[Short descriptive text snippets]
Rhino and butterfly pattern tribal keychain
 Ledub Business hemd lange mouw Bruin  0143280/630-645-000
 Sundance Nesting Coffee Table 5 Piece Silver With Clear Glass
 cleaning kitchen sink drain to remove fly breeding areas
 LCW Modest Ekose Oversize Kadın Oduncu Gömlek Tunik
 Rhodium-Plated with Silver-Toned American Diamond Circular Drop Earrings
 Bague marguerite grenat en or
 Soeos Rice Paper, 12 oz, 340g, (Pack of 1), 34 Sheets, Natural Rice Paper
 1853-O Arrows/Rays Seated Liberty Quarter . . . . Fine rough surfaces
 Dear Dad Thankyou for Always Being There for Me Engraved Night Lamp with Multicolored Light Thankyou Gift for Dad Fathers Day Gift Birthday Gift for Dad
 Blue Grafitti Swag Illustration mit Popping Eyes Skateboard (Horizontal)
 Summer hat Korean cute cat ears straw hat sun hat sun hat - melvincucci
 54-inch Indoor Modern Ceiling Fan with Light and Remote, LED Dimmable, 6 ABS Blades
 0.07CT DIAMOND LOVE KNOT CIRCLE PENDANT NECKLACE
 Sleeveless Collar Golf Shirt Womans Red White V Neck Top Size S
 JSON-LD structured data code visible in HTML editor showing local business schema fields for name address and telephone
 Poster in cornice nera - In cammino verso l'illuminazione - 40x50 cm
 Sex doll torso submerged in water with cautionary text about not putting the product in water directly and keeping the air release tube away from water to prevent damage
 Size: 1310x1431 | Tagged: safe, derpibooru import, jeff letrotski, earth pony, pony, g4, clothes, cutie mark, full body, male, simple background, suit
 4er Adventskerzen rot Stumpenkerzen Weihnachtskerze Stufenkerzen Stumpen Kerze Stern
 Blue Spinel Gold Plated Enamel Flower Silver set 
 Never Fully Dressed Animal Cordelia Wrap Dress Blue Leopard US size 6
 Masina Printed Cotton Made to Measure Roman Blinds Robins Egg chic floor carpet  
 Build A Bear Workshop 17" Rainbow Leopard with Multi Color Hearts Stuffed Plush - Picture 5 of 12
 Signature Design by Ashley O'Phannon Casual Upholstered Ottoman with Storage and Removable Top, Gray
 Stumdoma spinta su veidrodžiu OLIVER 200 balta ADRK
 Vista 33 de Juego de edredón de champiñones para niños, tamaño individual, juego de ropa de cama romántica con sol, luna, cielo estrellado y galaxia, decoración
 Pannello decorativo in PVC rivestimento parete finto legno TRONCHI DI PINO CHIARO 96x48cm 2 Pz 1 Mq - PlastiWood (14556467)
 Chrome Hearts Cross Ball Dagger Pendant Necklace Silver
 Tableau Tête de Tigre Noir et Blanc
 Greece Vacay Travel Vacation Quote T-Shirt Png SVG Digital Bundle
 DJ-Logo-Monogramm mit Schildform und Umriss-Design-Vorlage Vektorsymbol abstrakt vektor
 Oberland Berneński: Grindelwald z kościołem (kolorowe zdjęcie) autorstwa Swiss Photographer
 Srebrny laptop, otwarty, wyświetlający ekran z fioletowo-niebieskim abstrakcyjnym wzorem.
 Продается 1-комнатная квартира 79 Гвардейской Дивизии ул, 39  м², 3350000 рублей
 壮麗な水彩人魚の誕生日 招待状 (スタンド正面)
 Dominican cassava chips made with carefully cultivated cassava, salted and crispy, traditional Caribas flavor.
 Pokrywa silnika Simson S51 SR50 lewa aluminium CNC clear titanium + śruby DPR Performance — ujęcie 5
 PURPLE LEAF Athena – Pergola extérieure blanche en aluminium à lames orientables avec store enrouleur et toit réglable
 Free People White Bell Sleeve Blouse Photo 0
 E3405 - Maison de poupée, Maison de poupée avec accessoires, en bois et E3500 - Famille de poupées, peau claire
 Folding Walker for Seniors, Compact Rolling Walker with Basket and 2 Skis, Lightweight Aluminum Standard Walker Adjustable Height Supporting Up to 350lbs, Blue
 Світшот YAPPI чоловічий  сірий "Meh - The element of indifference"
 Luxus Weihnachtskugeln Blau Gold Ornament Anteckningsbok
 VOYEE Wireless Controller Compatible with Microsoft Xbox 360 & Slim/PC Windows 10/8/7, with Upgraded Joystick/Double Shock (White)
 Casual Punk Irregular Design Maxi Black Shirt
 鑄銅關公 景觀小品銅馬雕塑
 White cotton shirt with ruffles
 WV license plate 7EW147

TASK DESCRIPTION: Recopy the records without any alteration.

ANSWER AREA:
Rhino and butterfly pattern tribal keychain
 Ledub Business hemd lange mouw Bruin  0143280/630-645-000
 Sundance Nesting Coffee Table 5 Piece Silver With Clear Glass
 cleaning kitchen sink drain to remove fly breeding areas
 LCW Modest Ekose Oversize Kadın Oduncu Gömlek Tunik
 Rhodium-Plated with Silver-Toned American Diamond Circular Drop Earrings
 Bague marguerite grenat en or
 Soeos Rice Paper, 12 oz, 340g, (Pack of 1), 34 Sheets, Natural Rice Paper
 1853-O Arrows/Rays Seated Liberty Quarter . . . . Fine rough surfaces
 Dear Dad Thankyou for Always Being There for Me Engraved Night Lamp with Multicolored Light Thankyou Gift for Dad Fathers Day Gift Birthday Gift for Dad
 Blue Grafitti Swag Illustration mit Popping Eyes Skateboard (Horizontal)
 Summer hat Korean cute cat ears straw hat sun hat sun hat - melvincucci
 54-inch Indoor Modern Ceiling Fan with Light and Remote, LED Dimmable, 6 ABS Blades
 0.07CT DIAMOND LOVE KNOT CIRCLE PENDANT NECKLACE
 Sleeveless Collar Golf Shirt Womans Red White V Neck Top Size S
 JSON-LD structured data code visible in HTML editor showing local business schema fields for name address and telephone
 Poster in cornice nera - In cammino verso l'illuminazione - 40x50 cm
 Sex doll torso submerged in water with cautionary text about not putting the product in water directly and keeping the air release tube away from water to prevent damage
 Size: 1310x1431 | Tagged: safe, derpibooru import, jeff letrotski, earth pony, pony, g4, clothes, cutie mark, full body, male, simple background, suit
 4er Adventskerzen rot Stumpenkerzen Weihnachtskerze Stufenkerzen Stumpen Kerze Stern
 Blue Spinel Gold Plated Enamel Flower Silver set 
 Never Fully Dressed Animal Cordelia Wrap Dress Blue Leopard US size 6
 Masina Printed Cotton Made to Measure Roman Blinds Robins Egg chic floor carpet  
 Build A Bear Workshop 17" Rainbow Leopard with Multi Color Hearts Stuffed Plush - Picture 5 of 12
 Signature Design by Ashley O'Phannon Casual Upholstered Ottoman with Storage and Removable Top, Gray
 Stumdoma spinta su veidrodžiu OLIVER 200 balta ADRK
 Vista 33 de Juego de edredón de champiñones para niños, tamaño individual, juego de ropa de cama romántica con sol, luna, cielo estrellado y galaxia, decoración
 Pannello decorativo in PVC rivestimento parete finto legno TRONCHI DI PINO CHIARO 96x48cm 2 Pz 1 Mq - PlastiWood (14556467)
 Chrome Hearts Cross Ball Dagger Pendant Necklace Silver
 Tableau Tête de Tigre Noir et Blanc
 Greece Vacay Travel Vacation Quote T-Shirt Png SVG Digital Bundle
 DJ-Logo-Monogramm mit Schildform und Umriss-Design-Vorlage Vektorsymbol abstrakt vektor
 Oberland Berneński: Grindelwald z kościołem (kolorowe zdjęcie) autorstwa Swiss Photographer
 Srebrny laptop, otwarty, wyświetlający ekran z fioletowo-niebieskim abstrakcyjnym wzorem.
 Продается 1-комнатная квартира 79 Гвардейской Дивизии ул, 39  м², 3350000 рублей
 壮麗な水彩人魚の誕生日 招待状 (スタンド正面)
 Dominican cassava chips made with carefully cultivated cassava, salted and crispy, traditional Caribas flavor.
 Pokrywa silnika Simson S51 SR50 lewa aluminium CNC clear titanium + śruby DPR Performance — ujęcie 5
 PURPLE LEAF Athena – Pergola extérieure blanche en aluminium à lames orientables avec store enrouleur et toit réglable
 Free People White Bell Sleeve Blouse Photo 0
 E3405 - Maison de poupée, Maison de poupée avec accessoires, en bois et E3500 - Famille de poupées, peau claire
 Folding Walker for Seniors, Compact Rolling Walker with Basket and 2 Skis, Lightweight Aluminum Standard Walker Adjustable Height Supporting Up to 350lbs, Blue
 Світшот YAPPI чоловічий  сірий "Meh - The element of indifference"
 Luxus Weihnachtskugeln Blau Gold Ornament Anteckningsbok
 VOYEE Wireless Controller Compatible with Microsoft Xbox 360 & Slim/PC Windows 10/8/7, with Upgraded Joystick/Double Shock (White)
 Casual Punk Irregular Design Maxi Black Shirt
 鑄銅關公 景觀小品銅馬雕塑
 White cotton shirt with ruffles
 WV license plate 7EW147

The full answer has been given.